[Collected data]
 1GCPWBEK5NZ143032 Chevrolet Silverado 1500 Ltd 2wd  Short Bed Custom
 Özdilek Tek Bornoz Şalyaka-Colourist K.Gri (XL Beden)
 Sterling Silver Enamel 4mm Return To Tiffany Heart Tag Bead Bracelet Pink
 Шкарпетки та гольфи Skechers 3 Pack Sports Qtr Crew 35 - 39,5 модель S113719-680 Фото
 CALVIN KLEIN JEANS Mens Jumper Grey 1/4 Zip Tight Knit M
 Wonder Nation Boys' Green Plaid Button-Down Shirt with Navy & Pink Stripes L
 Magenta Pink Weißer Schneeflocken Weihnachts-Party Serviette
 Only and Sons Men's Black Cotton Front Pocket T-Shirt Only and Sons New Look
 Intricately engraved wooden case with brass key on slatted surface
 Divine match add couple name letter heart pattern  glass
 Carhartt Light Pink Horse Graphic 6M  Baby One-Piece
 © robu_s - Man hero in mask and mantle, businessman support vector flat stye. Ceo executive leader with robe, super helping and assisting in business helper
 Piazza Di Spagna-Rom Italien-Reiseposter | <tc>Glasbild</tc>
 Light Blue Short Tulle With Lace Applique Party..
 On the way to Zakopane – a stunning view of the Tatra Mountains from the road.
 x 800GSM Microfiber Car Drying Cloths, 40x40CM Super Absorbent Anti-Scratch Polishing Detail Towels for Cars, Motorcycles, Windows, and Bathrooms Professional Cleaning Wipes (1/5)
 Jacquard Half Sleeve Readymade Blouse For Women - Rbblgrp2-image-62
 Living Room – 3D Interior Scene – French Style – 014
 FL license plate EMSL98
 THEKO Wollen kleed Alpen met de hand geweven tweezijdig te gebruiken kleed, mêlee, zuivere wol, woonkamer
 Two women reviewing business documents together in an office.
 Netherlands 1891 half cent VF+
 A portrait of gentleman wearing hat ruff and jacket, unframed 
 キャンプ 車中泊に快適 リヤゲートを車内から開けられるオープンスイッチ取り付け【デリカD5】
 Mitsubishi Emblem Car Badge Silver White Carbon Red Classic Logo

_Task brief_: Retype, exactly as shown, the lines from the one with "Only and Sons Men's" through the end of the records.

_Solution for this task_:
 Only and Sons Men's Black Cotton Front Pocket T-Shirt Only and Sons New Look
 Intricately engraved wooden case with brass key on slatted surface
 Divine match add couple name letter heart pattern  glass
 Carhartt Light Pink Horse Graphic 6M  Baby One-Piece
 © robu_s - Man hero in mask and mantle, businessman support vector flat stye. Ceo executive leader with robe, super helping and assisting in business helper
 Piazza Di Spagna-Rom Italien-Reiseposter | <tc>Glasbild</tc>
 Light Blue Short Tulle With Lace Applique Party..
 On the way to Zakopane – a stunning view of the Tatra Mountains from the road.
 x 800GSM Microfiber Car Drying Cloths, 40x40CM Super Absorbent Anti-Scratch Polishing Detail Towels for Cars, Motorcycles, Windows, and Bathrooms Professional Cleaning Wipes (1/5)
 Jacquard Half Sleeve Readymade Blouse For Women - Rbblgrp2-image-62
 Living Room – 3D Interior Scene – French Style – 014
 FL license plate EMSL98
 THEKO Wollen kleed Alpen met de hand geweven tweezijdig te gebruiken kleed, mêlee, zuivere wol, woonkamer
 Two women reviewing business documents together in an office.
 Netherlands 1891 half cent VF+
 A portrait of gentleman wearing hat ruff and jacket, unframed 
 キャンプ 車中泊に快適 リヤゲートを車内から開けられるオープンスイッチ取り付け【デリカD5】
 Mitsubishi Emblem Car Badge Silver White Carbon Red Classic Logo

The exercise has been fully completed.